In 2009, about two years before his death from heart failure, Breitbart helped O’Keefe publish a series of heavily edited videos that showed members of the Association of Community Organizations for Reform Now, or ACORN, supposedly giving advice on how to run a brothel of underage girls. Because of the videos, ACORN lost funding and declared bankruptcy.

Today, the Breitbart website is headed by Steve Bannon, the former advisor to President Donald Trump who worked to get Moore nominated over his primary opponent, Luther Strange.

Bannon, who told Bloomberg that the allegations against Moore were “about trying to destroy a man’s life,” has sought to challenge incumbent Republicans with populist primary challengers.

Soon after the Post published its story on Project Veritas, Evan McMullin, former CIA operative and 2016 independent candidate for president, wrote on Twitter, “This is the sort of disinformation operation familiar to countries controlled by authoritarian regimes. It isn’t just a story about someone trying to embarrass the Post. It’s about a political movement’s assault on our ability to know truth.” Before running as an independent presidential candidate, McMullin worked in the U.S. House of Representatives as chief policy director for the Republican Conference.

O’Keefe was convicted in 2010 for scheming to make illegal recordings at the office of former Democratic U.S. Sen. Mary Landrieu. In 2013, O’Keefe paid $100,000 to settle a lawsuit by a former ACORN employee who claimed O’Keefe filmed him without consent.

Meanwhile, Fox News reported before Moore’s rally started Monday that a staffer for the Moore campaign shoved members of Fox’s camera crew as they were trying to get a shot of the candidate, who was expected to use the front entrance of the Henagar Community Center but instead used a side door.

Moore finished his comments Monday by echoing what he said the night he won the runoff primary over Strange.

“I wanna join with Donald Trump, make American great again. And I know to be great again, we’ve got to be good again. To be good again, we’ve got to talk about something politicians don’t talk about, which is morality, the definition of right and wrong,” Moore said.

Over the Thanksgiving weekend, more Republican lawmakers condemned Moore and said it would be better, in light of the sexual-misconduct allegations, if he simply stepped aside.

On a Sunday appearance on ABC’s “The Week,” Sen. Tim Scott, R-S.C., said Moore should “move on.”

“It is time for us to turn the page because it is not about partisan politics,” Scott continued. “It is not about electing Republicans versus Democrats. This is about the character of our country.”

Earlier on Monday, a White House official said President Trump will not travel to Alabama to campaign for Moore, despite showing support for him on Twitter.

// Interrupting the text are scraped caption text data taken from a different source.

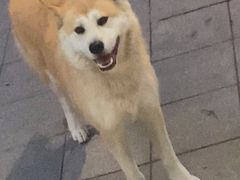 -寻乔记·焖烤鸡腿饼(文化路店)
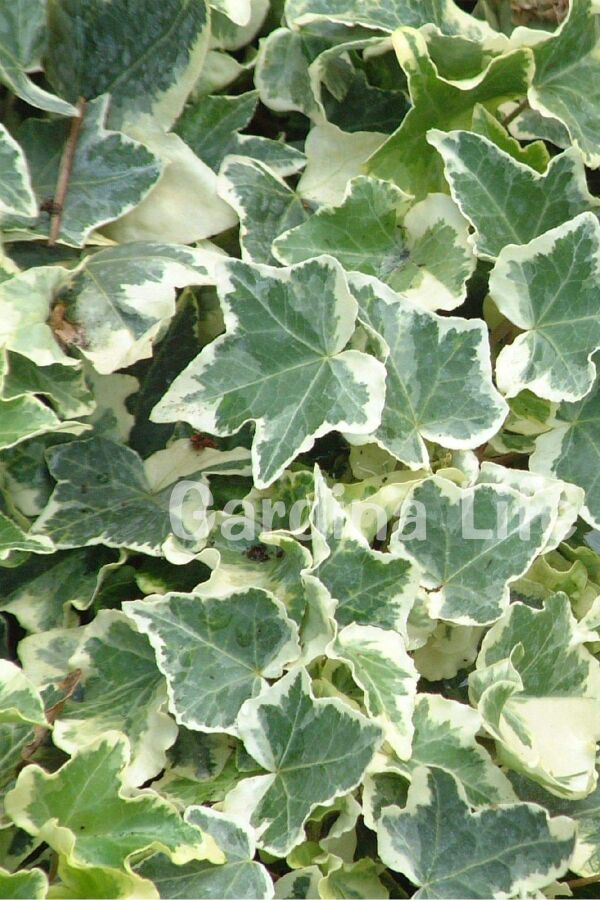 Alacalı Duvar Sarmaşığı Fidanı ( Hedera Helix Variegata ) - Gardina
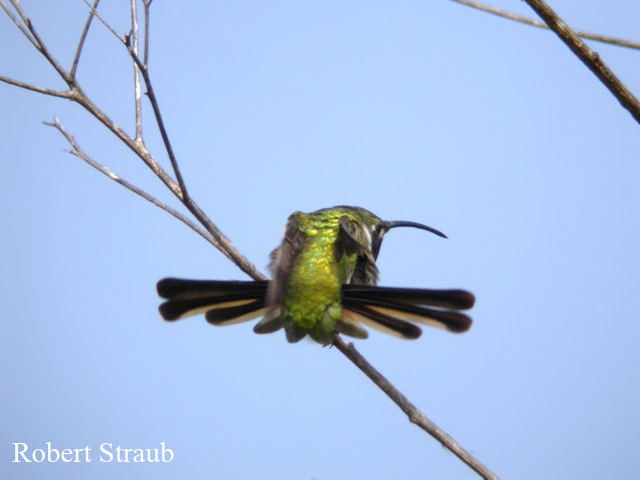 Photo (2): Mexican Sheartail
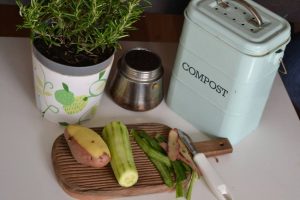 compost deseuri biodegradabile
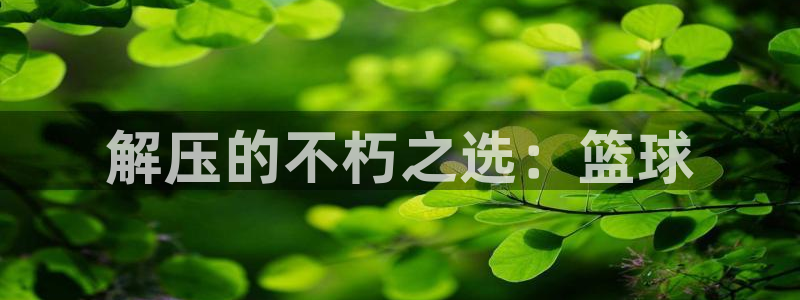 嗨王体育app改名了吗最新消息：解压的不朽之选：篮球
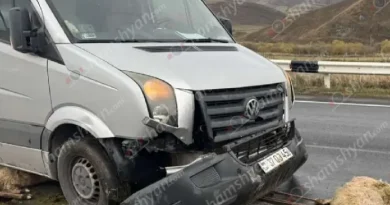 Սևանում մեքենան վրաերթի է ենթարկել 18 ոչխարի, մեծ մասը՝ մայրացու
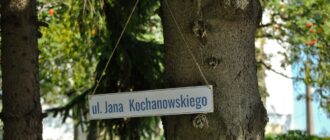 tabliczka z nazwą ulicy wisi na drzewie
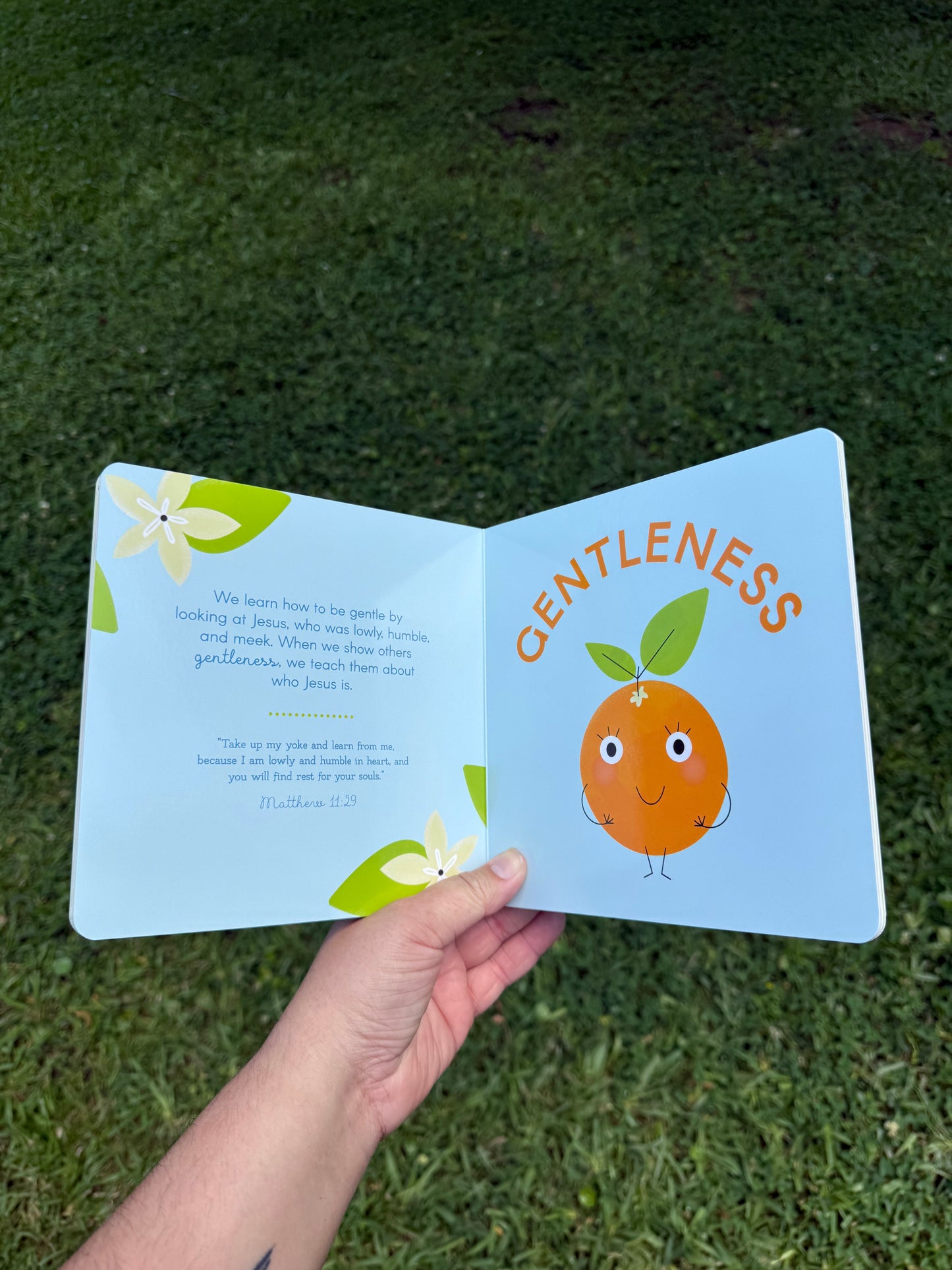 Fruit of the Spirit Board Book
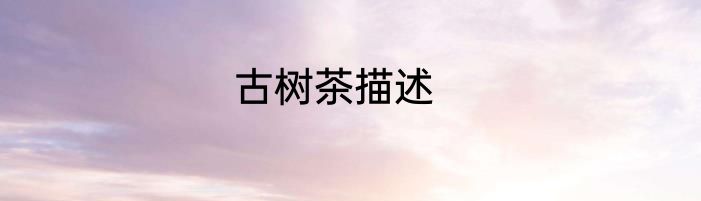 古树茶描述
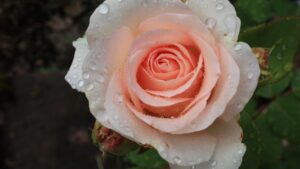 Agua de rosas: beneficios para la piel y cómo usarla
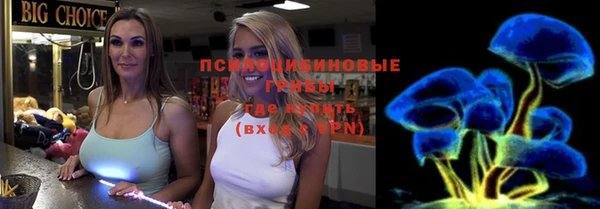 молекула духа Арсеньев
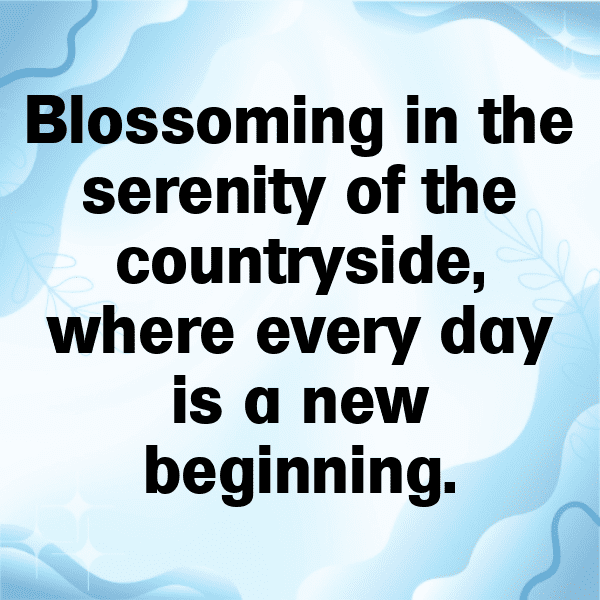 231+ Cow Captions For Instagram In 2025 4 Cow Captions Image For Instagram-TWdwA8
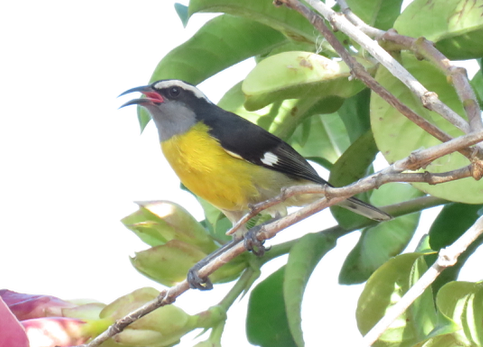 Bananaquit - ML409739711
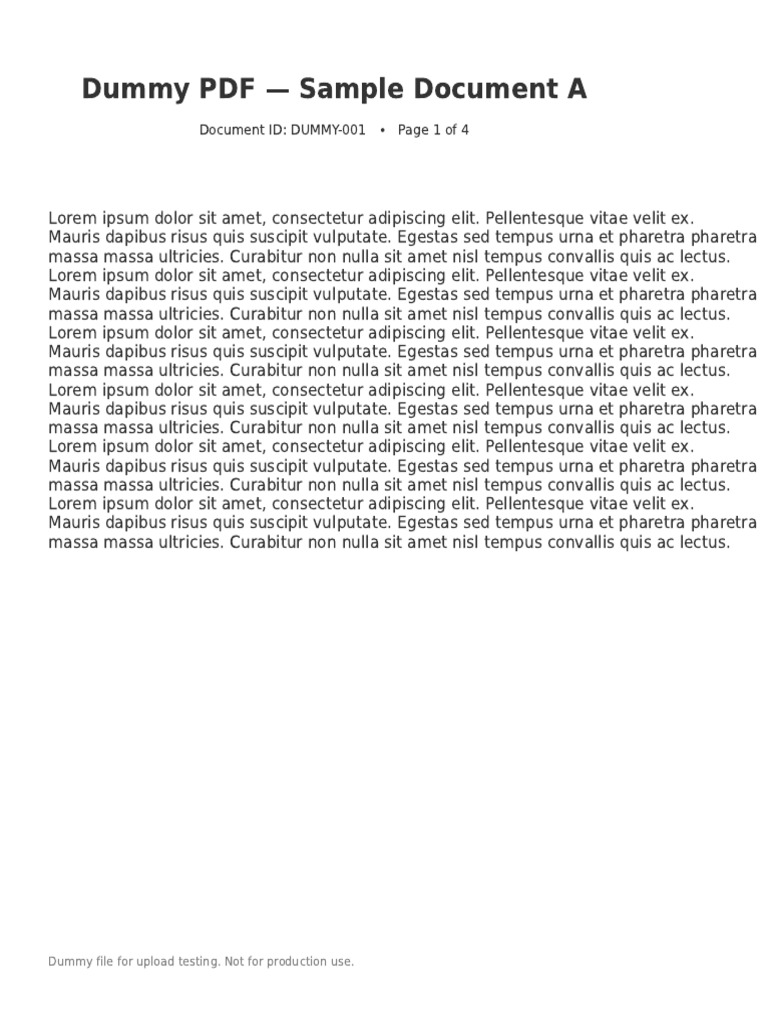 Dummy Document for Testing | PDF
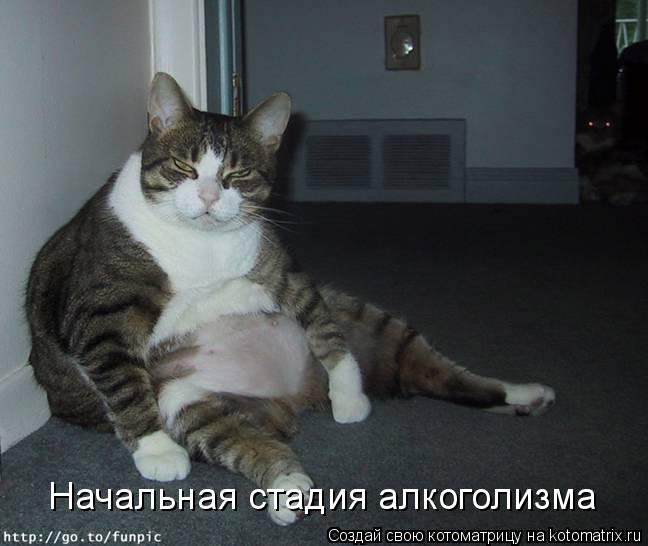 Начальная стадия алкоголизма... Котоматрица: Начальная стадия алкоголизма
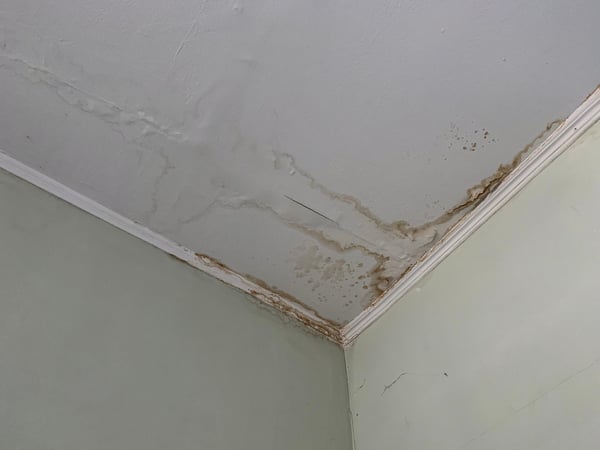 humidade na telha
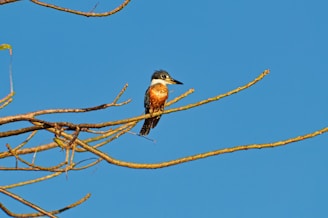 a bird sitting on a branch of a tree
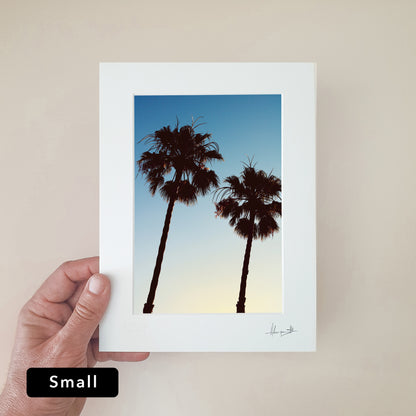 Barcelona Palms Print | Spain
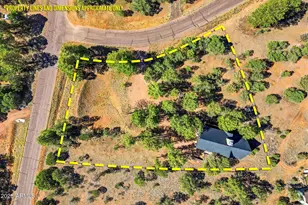 2250 Grizzly Dr, Overgaard, AZ 85933 - Photo 38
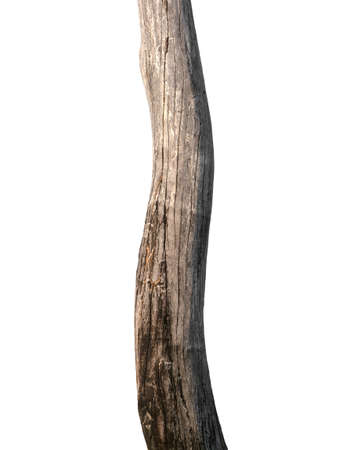 Trunk of a tree Isolated On White Backgroundの写真素材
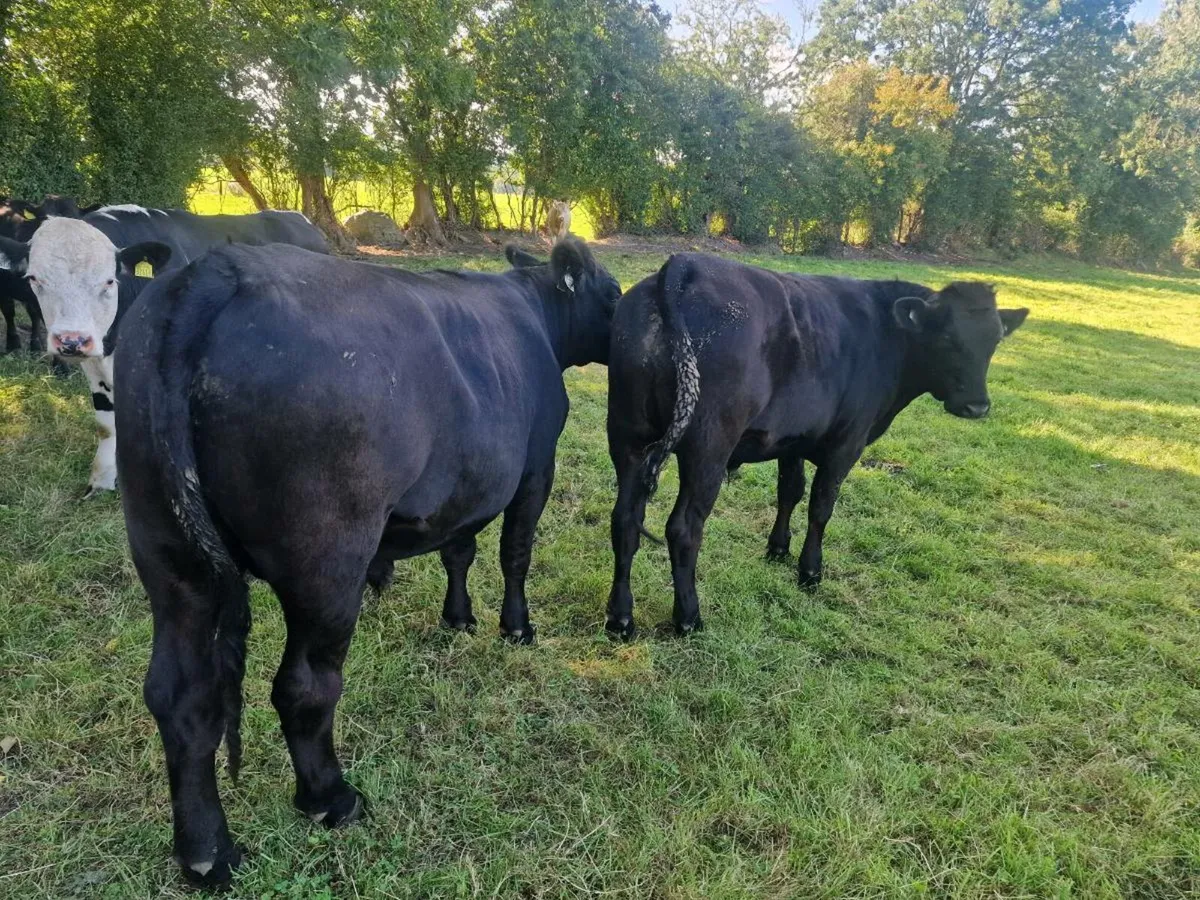 Quality Angus bullocks - Image 2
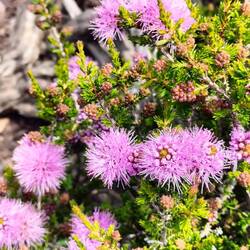 Dwarf Spanish Heath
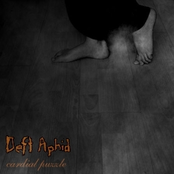 Cardial Puzzle (single)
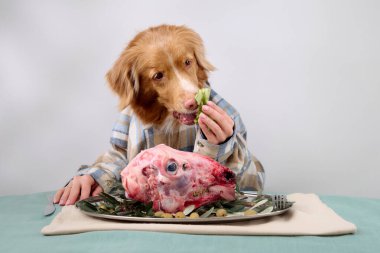 Ekose gömlekli bir Nova Scotia Duck Tolling Retriever, bir gurme çiğ etle masada otururken bir parça yeşillik tutar. Köpek meraklısı ve özenli tavır.
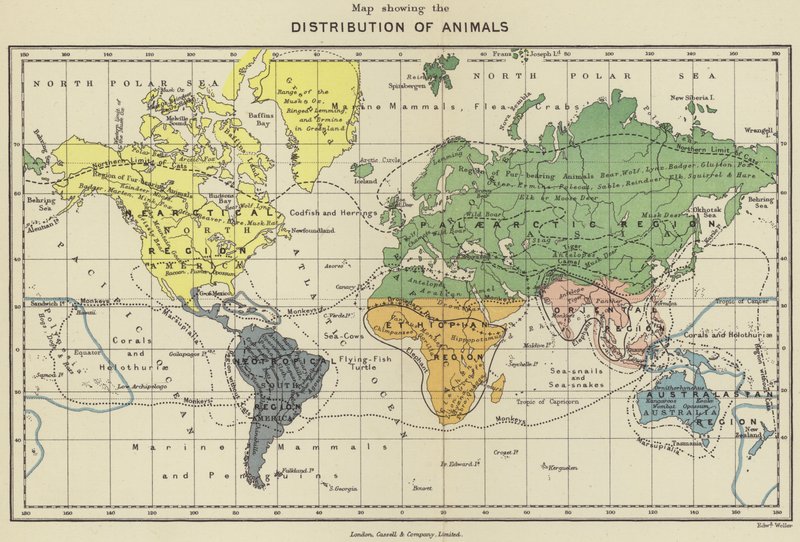 Mapa de distribución de los animales (litografía en color) de English School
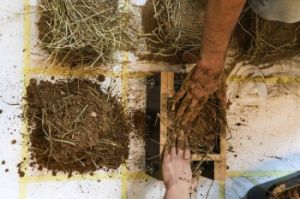 Earth Workshop. Photo: Laura Fiorio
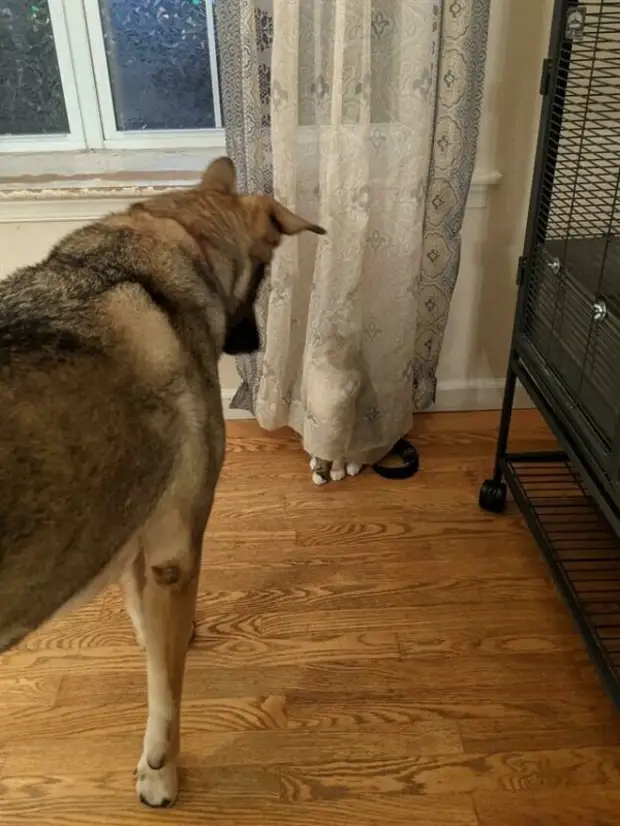 ?
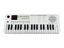 Grooveland E237 Keyboard (Cremeweiß)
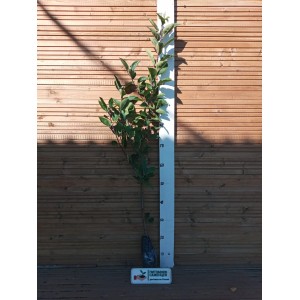 Саженец Яблони в ассортименте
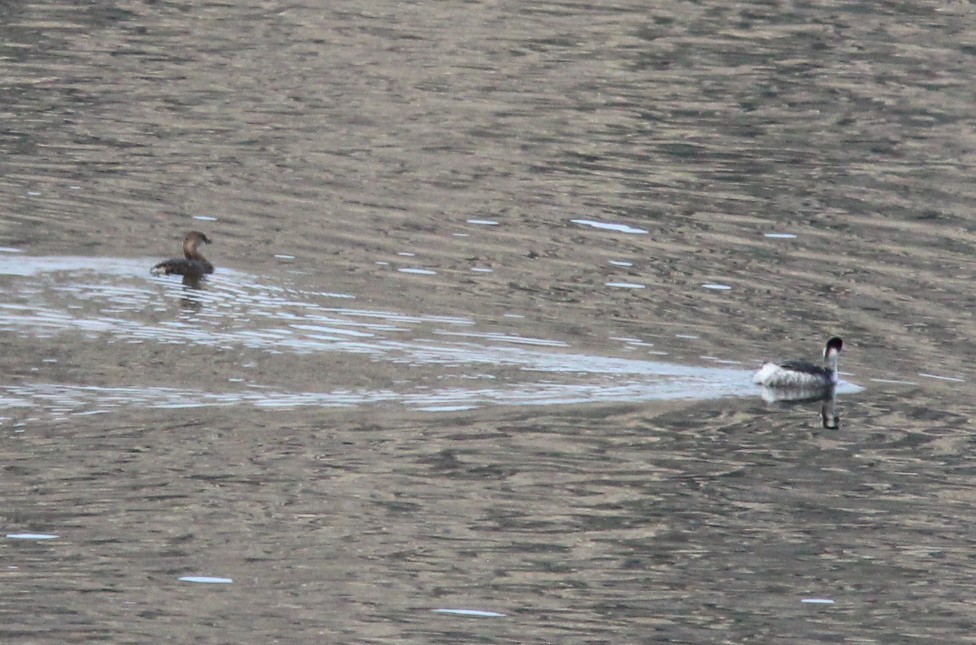 potápka černokrká - ML646354366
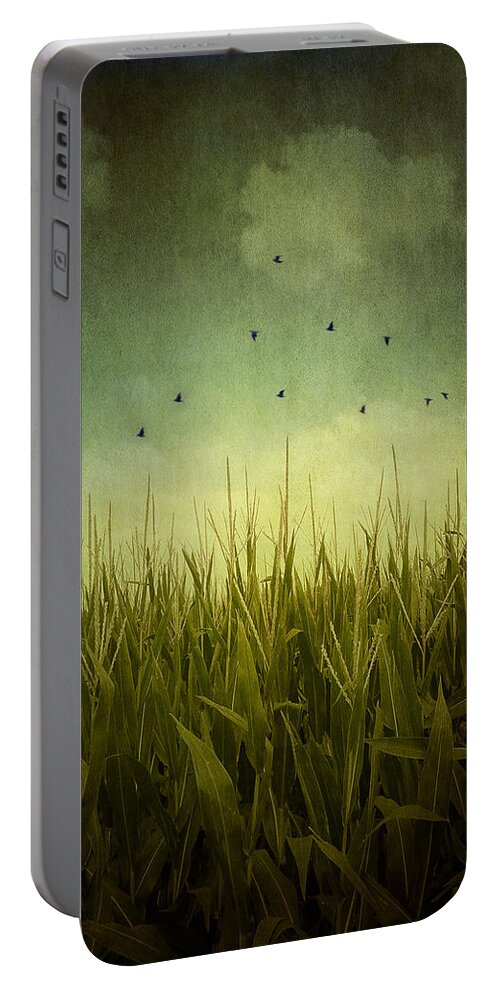 Textures Portable Battery Charger featuring the photograph In the Field by Trish Mistric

Neither the Jones campaign nor the Moore campaign returned a request for comment Monday from Courthouse News.

Moore is no stranger to controversy. Before the allegations of sexual misconduct with teenagers, he was twice removed from the Alabama Supreme Court – in 2003 after defying a judge’s order to remove a Ten Commandments monument from his courthouse, and again in 2016 for telling the state’s probate judges to defy federal orders on same-sex marriage.